Contrary to common perception, the shortage of judges is not the “sole reason” for increasing pendency of cases, the law ministry has said, citing data of states such as Delhi and Gujarat, which are struggling to dispose of cases despite a higher judge-population ratio.
The ministry’s note comes months after Chief Justice of India TS Thakur lamented “inaction” by the executive to increase the number of judges from the present 21,000 to 40,000 to handle the “avalanche” of litigations.
Quoting experts, the ministry said a variety of factors contribute to delay in disposal of court cases, which include lack of court management systems, frequent adjournments, strikes by lawyers, accumulation of first appeals, indiscriminate use of writ jurisdiction and lack of adequate arrangement to monitor, track and bunch cases for hearing.
According to the data, states with a higher judge-population ratio, such as Delhi (ranked 2 in terms of the judge-population ratio) and Gujarat (ranked 5), are still struggling to dispose of the pending cases.
“Conversely, states such as Tamil Nadu and Punjab, which are ranked lower in terms of judge-population ratio, have comparatively lesser number of pending cases,” it says.
A note prepared by the ministry for the advisory council of national mission for justice delivery and legal reforms states that “the linking of problem of pendency of cases in courts with shortage of judges alone may not present the complete picture”.

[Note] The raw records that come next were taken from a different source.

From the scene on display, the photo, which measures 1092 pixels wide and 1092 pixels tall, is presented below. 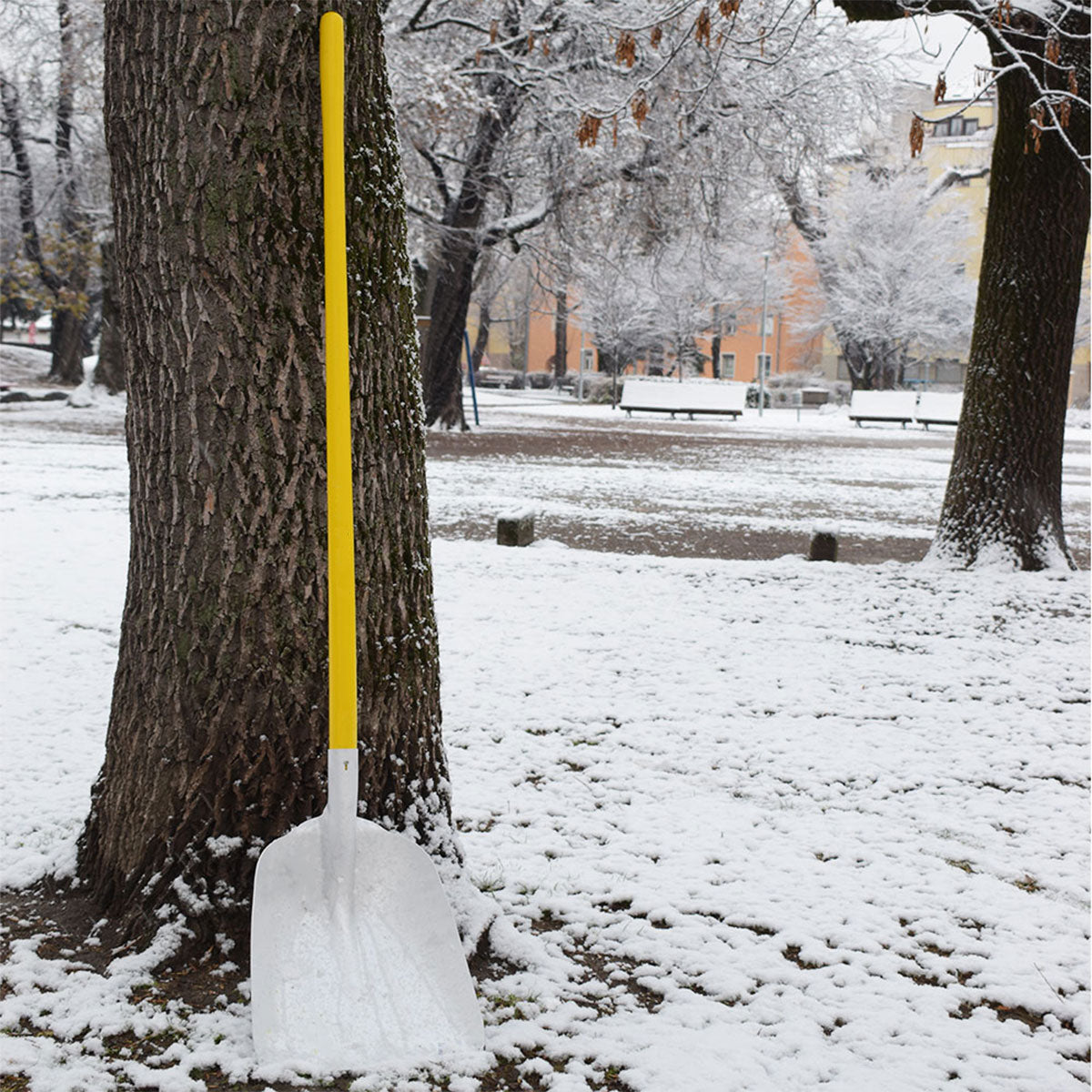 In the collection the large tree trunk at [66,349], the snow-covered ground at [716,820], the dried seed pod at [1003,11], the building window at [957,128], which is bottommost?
the snow-covered ground at [716,820]

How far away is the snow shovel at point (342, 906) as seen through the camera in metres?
2.15

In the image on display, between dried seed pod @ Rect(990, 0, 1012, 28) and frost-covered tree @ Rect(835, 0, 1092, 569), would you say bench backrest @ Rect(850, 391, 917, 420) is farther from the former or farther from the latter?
dried seed pod @ Rect(990, 0, 1012, 28)

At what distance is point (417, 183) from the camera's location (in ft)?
56.5

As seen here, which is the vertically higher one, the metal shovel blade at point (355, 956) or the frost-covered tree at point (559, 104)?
the frost-covered tree at point (559, 104)

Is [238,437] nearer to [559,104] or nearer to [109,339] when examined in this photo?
[559,104]

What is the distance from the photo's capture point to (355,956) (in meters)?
2.22

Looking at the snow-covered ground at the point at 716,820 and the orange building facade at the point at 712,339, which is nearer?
the snow-covered ground at the point at 716,820

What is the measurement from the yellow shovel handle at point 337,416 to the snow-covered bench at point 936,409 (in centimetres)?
2793

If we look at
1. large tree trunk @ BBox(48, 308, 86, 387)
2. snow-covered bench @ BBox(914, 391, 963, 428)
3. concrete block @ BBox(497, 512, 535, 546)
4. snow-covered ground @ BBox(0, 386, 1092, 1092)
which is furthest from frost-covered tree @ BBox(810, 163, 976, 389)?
snow-covered ground @ BBox(0, 386, 1092, 1092)

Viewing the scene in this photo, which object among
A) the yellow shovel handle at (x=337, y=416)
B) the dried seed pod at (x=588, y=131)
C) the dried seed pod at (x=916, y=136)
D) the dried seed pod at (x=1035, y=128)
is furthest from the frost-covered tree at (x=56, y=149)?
the yellow shovel handle at (x=337, y=416)

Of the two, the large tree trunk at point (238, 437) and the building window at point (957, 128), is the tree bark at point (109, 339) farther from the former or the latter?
the building window at point (957, 128)

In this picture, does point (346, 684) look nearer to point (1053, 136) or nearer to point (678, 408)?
point (1053, 136)

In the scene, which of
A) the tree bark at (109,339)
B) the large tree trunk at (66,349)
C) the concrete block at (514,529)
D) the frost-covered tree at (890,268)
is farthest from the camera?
the frost-covered tree at (890,268)

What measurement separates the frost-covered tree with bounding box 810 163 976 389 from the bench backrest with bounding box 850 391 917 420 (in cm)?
861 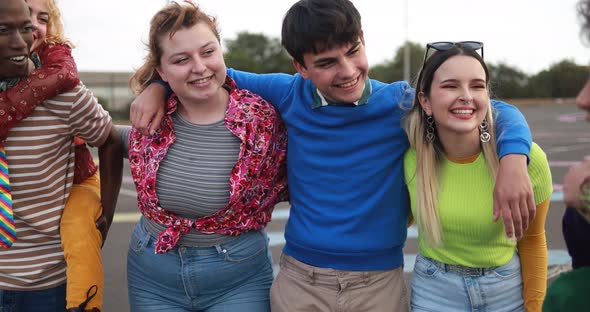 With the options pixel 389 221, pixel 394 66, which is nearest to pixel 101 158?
pixel 389 221

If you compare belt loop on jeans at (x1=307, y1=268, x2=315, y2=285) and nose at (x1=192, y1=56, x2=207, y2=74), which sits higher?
nose at (x1=192, y1=56, x2=207, y2=74)

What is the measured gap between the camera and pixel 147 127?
292cm

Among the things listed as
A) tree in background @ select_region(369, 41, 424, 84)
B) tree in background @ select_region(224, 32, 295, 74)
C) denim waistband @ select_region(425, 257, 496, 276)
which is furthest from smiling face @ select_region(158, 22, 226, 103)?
tree in background @ select_region(369, 41, 424, 84)

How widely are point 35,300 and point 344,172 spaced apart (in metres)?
1.35

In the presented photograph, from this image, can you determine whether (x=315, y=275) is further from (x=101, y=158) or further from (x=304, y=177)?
(x=101, y=158)

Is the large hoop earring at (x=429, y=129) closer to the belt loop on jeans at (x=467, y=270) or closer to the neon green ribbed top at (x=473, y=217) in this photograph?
the neon green ribbed top at (x=473, y=217)

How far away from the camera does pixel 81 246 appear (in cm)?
275

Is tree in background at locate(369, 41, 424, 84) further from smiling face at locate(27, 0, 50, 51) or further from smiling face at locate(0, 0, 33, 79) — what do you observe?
smiling face at locate(0, 0, 33, 79)

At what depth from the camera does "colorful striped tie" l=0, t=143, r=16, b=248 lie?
2.65 meters

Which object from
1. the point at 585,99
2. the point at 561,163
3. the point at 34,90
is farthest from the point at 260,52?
the point at 585,99

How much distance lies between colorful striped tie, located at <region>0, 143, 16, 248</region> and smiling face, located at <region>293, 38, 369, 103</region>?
1.27m

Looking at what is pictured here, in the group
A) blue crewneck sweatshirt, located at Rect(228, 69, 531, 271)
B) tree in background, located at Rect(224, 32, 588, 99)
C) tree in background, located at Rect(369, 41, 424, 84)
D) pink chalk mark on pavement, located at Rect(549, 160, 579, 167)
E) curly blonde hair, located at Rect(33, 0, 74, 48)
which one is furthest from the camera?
tree in background, located at Rect(369, 41, 424, 84)

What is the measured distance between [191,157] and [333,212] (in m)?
0.64

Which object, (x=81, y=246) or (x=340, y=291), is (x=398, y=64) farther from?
(x=81, y=246) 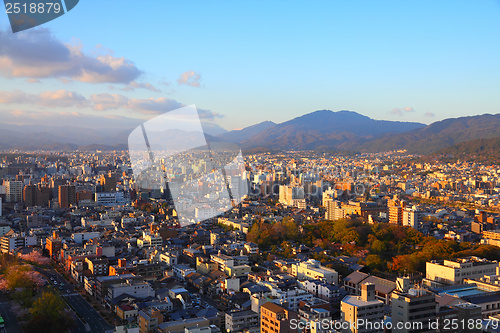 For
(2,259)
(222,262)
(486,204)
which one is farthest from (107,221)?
(486,204)

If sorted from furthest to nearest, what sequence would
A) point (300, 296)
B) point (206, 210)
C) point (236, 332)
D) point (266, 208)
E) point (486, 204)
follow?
point (486, 204), point (266, 208), point (206, 210), point (300, 296), point (236, 332)

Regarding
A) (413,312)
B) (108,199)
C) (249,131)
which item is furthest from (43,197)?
(249,131)

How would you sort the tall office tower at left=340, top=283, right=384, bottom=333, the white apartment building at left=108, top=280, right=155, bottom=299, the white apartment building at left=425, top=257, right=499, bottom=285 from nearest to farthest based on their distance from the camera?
the tall office tower at left=340, top=283, right=384, bottom=333 → the white apartment building at left=108, top=280, right=155, bottom=299 → the white apartment building at left=425, top=257, right=499, bottom=285

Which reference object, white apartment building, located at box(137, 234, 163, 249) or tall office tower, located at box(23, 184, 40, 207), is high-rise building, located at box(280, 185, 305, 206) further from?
tall office tower, located at box(23, 184, 40, 207)

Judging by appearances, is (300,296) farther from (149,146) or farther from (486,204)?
(486,204)

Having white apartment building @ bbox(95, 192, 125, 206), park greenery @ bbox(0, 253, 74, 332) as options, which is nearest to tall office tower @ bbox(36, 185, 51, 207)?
white apartment building @ bbox(95, 192, 125, 206)

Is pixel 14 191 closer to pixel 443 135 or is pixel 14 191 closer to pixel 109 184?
pixel 109 184

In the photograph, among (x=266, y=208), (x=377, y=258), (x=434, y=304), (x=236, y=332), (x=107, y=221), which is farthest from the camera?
(x=266, y=208) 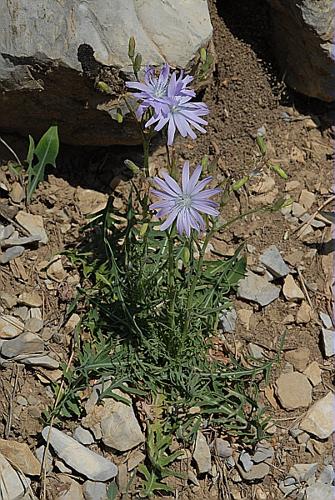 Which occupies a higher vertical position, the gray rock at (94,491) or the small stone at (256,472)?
the small stone at (256,472)

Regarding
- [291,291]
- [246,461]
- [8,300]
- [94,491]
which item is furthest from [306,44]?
[94,491]

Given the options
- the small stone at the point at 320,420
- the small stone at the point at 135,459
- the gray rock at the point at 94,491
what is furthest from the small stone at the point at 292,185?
the gray rock at the point at 94,491

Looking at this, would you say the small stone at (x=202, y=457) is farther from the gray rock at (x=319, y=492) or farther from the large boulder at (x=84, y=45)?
the large boulder at (x=84, y=45)

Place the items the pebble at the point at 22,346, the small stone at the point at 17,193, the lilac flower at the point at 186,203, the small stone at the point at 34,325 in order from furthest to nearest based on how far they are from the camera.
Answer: the small stone at the point at 17,193 → the small stone at the point at 34,325 → the pebble at the point at 22,346 → the lilac flower at the point at 186,203

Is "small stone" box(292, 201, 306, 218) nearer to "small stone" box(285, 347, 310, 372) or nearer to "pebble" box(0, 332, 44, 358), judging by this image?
"small stone" box(285, 347, 310, 372)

It states that an analysis of the figures regarding the number of civil cases instituted per annum in district and subordinate courts between 2005 and 2015 reveals that the number of cases instituted has come down from 40,69,073 civil cases in 2005 to 36,22,815 in 2015 — a decline of 11%.
During the same time, the pendency of civil cases increased from 72,54,145 in 2005 to 84,056,47 in 2015 — an increase of 16 per cent.
“It is pertinent to note that in 2005, the working strength of the judges in the district and subordinate courts was 11,682, which increased to 16,070 in 2015. Despite the increase in the number of judges and a decline in the number of cases being filed, the pendency of civil cases has increased,” the document observed.
Addressing the inaugural session of Joint Conference of Chief Ministers and Chief Justices of High Courts here on April 24, Justice Thakur had said that since 1987, when the Law Commission had recommended increase in the number of judges from then 10 judges per 10 lakh people to 50, “nothing has moved”.
“Then comes inaction by the government as the increase (in the strength of judges) does not take place,” he had said.
There are 4,432 vacancies of judges in subordinate courts in the country as on December 31, 2015, while the 24 high courts face a shortage of nearly 450 judges.
Nearly 3 crore cases are pending in courts across India.